I will attempt later (if my professor can give me a lead) to fix the problem, but overall the effects are extremely positive. I ran the program on a 338 meg text file named osu.medline, which contains various informations on effects of drugs, diseases, disorders, their causes, and things like that.
This is a sample output (I won’t paste all 7.2 million words it read) with the number of nodes/unique words capped at 200,000 (Note: words of length 3 or less are discareded):
Nodes w/ 0 bal: 136003
Nodes w/ 1 bal: 32057
Nodes w/-1 bal: 31939
Nodes w/ other: 1
Overal balance: 120
Number of words: 7201810
Number of nodes: 200000
Time: 32 seconds*
–
It took just over 32 seconds to read 7.2 million words and inset them into the tree (and balance the tree accordingly). This is very impressive. The fact that 136,000 of the 200,000 nodes are balanced perfectly (balance == 0) means the tree is in very good working order, and the only problem is the “other” node, which has a balance of two. The others, -1 and 1, are local fluxuations that exist and will exist until the tree need’s rebalancing at that particular spot.

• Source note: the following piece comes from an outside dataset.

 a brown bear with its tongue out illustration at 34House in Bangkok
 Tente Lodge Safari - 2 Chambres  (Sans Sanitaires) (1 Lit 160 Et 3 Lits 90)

In closing (for now), the method outlined works. It is fast (7.2 million searches and additions! in 32 seconds!) and provides a very good tree.
*This time is a little off. Sadly the timer is not very resolute, and it in no way accounts for the hundreds of thousands of small words (length < = 3) that were read, translated to lowercase (with smashed punctuation), and then discarded. Also, this test was run on a Sidhe (http://sidhe.cs.uni.edu), a very fast machine.
-- edit --
I added two lines of code to avoid even smashing/converting strings of length less than 4 already. This decreased the overall time by one second:
Nodes w/ 0 bal: 136003
Nodes w/ 1 bal: 32057
Nodes w/-1 bal: 31939
Nodes w/ other: 1
Overal balance: 120
Number of words: 7201810
Number of nodes: 200000
Time: 31 seconds
-edit-
Code has been updated. The original is main.cpp, the recent additions are under main_mod.cpp.